Court Opinion

ID: 9463354
Source: CourtListenerOpinion
Date Created: 2023-08-04 23:03:58.282111+00
Date Added: 2024-06-11T17:38:02.925501
License: Public Domain

DUNIWAY, Circuit Judge
(concurring):
I concur, but I confess to having serious doubts about the result, not because I think that it is wrong in principle, but because I have great difficulties in reconciling the result with the decisions in Pell v. Procunier, 1974, 417 U.S. 817, 94 S.Ct. 2800, 41 L.Ed.2d 495 and Saxbe v. Washington Post Co., 1974, 417 U.S. 843, 94 S.Ct. 2811, 41 L.Ed.2d 514. I think it clear beyond the possibility of argument that the preliminary injunction from which the appeal is taken grants to KQED and other media greater access to the Santa Rita Jail than is granted to the public.
I cannot reconcile this result with the decisions in Pell, supra, and Washington Post, supra. As I read these cases, they stand for this proposition:
“ . . . Newsmen have no constitutional right of access to the scenes of crime or disaster when the general public is excluded.” Branzburg v. Hayes, supra, at 684-685, 94 S.Ct. at 2658. Similarly, newsmen have no constitutional right of access to prisons or their inmates beyond that afforded the general public.
. The Constitution does not, however, require government to accord the press special access to information not shared by members of the public generally. It is one thing to say that a journalist is free to seek out sources of information not available to members of the general public, that he is entitled to some constitutional protection of the confidentiality of such sources, cf. Branzburg v. Hayes, supra, and that the government cannot restrain the publication of news emanating from such sources. Cf. New York Times Co. v. United States, supra [403 U.S. 713, 91 S.Ct. 2140, 29 L.Ed.2d 822], It is quite another thing to suggest that the Constitution imposes upon government the affirmative duty to make available to journalists sources of information not available to members of the public generally. That proposition finds no support in the words of the Constitution or in any decision of this Court. Accordingly, since § 405.071 does not deny the press access to sources of information available to members of the general public, we hold that it does not abridge the protection that the First and Fourteenth Amendments guarantee. 417 U.S. at 834-35, 94 S.Ct. at 2810.

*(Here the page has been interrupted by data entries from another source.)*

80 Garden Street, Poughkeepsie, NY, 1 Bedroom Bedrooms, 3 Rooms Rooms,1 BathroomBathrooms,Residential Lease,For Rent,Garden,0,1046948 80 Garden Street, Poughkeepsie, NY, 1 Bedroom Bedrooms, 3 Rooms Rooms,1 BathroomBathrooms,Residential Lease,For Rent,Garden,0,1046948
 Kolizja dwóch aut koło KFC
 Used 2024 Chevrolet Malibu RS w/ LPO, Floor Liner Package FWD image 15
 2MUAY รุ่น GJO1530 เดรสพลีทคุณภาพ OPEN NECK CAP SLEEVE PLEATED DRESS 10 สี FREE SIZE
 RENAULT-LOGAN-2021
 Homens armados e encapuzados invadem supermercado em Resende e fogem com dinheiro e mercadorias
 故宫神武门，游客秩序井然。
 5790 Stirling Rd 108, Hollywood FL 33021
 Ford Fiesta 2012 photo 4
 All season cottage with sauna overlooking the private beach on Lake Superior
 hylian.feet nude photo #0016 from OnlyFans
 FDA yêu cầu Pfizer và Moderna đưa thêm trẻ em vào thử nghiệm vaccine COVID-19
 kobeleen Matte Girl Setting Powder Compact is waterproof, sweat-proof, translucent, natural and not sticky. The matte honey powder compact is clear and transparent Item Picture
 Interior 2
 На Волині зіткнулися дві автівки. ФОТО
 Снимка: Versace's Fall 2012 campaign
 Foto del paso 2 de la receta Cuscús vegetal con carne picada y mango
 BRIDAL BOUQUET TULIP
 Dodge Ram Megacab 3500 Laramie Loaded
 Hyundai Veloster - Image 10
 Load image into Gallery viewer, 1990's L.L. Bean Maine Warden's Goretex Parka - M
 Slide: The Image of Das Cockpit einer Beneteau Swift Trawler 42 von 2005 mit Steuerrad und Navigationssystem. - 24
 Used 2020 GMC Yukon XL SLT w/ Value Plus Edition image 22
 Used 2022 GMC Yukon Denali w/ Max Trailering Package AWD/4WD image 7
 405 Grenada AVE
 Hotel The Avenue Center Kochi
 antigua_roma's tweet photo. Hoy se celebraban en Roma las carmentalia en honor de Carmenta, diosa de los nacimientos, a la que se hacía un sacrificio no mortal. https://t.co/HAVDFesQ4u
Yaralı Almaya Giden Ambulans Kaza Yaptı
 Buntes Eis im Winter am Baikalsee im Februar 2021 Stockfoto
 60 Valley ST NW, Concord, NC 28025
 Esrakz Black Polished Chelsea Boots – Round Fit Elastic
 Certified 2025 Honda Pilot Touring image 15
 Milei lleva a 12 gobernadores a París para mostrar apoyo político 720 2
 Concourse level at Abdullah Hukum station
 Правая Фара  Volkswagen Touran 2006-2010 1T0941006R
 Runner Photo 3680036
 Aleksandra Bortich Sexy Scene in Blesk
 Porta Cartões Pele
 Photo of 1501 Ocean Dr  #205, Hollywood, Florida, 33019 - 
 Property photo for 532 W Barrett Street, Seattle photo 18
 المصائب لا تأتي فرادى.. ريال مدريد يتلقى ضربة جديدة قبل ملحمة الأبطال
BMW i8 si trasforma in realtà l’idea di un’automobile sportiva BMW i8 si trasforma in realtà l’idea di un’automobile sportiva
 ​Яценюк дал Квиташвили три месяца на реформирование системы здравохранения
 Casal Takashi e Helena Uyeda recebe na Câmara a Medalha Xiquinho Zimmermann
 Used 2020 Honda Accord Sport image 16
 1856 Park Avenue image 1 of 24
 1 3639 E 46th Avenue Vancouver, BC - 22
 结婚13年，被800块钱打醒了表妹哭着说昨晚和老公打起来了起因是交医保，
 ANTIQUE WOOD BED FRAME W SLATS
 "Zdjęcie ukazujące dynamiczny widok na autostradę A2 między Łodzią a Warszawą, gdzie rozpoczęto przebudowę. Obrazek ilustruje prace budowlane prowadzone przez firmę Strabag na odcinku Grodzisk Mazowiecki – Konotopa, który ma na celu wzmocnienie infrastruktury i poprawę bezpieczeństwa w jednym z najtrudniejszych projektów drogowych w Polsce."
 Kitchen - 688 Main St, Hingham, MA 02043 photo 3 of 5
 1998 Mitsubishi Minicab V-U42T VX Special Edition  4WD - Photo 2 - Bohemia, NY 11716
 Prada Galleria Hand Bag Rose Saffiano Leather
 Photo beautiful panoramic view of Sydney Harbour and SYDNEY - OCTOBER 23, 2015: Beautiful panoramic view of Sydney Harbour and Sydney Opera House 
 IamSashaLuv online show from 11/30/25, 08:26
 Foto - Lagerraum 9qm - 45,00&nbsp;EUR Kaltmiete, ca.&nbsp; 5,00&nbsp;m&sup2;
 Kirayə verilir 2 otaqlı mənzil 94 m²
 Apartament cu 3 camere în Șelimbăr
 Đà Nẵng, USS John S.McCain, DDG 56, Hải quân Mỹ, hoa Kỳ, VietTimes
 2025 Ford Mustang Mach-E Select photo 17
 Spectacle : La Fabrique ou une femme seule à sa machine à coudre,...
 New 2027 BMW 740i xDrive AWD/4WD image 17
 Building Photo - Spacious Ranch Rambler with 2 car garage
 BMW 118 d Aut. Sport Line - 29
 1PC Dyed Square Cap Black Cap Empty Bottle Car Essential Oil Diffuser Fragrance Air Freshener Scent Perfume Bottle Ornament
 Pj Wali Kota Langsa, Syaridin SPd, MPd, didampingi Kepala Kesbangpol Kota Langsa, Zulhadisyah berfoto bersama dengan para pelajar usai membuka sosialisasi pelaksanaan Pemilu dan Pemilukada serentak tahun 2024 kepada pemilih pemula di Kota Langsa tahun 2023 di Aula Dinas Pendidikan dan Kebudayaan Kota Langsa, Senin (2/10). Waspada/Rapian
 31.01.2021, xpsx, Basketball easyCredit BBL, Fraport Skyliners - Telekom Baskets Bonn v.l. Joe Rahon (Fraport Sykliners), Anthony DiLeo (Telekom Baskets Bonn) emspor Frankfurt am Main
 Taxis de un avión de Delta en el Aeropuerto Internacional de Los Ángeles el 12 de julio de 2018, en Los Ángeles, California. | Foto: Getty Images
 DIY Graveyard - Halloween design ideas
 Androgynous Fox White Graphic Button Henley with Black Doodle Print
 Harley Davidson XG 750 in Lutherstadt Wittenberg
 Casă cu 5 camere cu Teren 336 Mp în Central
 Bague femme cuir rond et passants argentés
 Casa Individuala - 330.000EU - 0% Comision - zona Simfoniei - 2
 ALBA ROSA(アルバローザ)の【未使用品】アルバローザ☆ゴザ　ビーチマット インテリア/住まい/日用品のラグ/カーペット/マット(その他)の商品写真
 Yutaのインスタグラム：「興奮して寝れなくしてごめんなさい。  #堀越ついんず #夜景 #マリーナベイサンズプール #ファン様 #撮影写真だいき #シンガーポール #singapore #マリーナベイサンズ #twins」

See also Saxbe, supra, 417 U.S. at 850, 94 S.Ct. 2811.
I happen to believe that, as to most issues of public importance, and assuming that one accepts the media-created notion that there is such an animal as a constitutionally protected “public’s right to know” and further assuming that the media somehow embody that “right,” then the media have a protected preferred right to access to information about the public’s business. This is based on the proposition that, in our modern, urban, overpopulated, complex and somewhat intimidating and alienated society, only the media, as distinguished from the submerged, often alienated, and often frightened, individual, can be counted on to dig out and disseminate the facts about the public’s business. Witness “Watergate” and its remarkable consequences.
But I cannot reconcile'these notions with the express basis for the decisions in Pell, supra, and in Washington Post, supra. I would like to assume that those decisions *295are not to be taken literally, but I find nothing in them to support that assumption. Yet I am dubious about the result that they seem to require. It seems to me to be obvious that regulations governing media access to a jail, assuming that the media have a right, along with the public, to such access, must differ from regulations governing access by the public at large. It is one thing to say that representatives of the media, who are not numerous and who can readily be screened, should be able to interview inmates, take pictures, etc., and quite another thing to say that any one of the several million inhabitants of the San Francisco Bay Area, or any one of the million or so inhabitants of Alameda County, should have the same rights. The administrative problems posed by the two are obviously different, and the law ought to recognize the differences. But as I read Pell, supra, and Washington Post, supra, those cases, far from recognizing these differences, expressly disregard them. Accordingly, I must express doubt, not because I think that I ought to, but because I think that the Supreme Court’s decisions require it.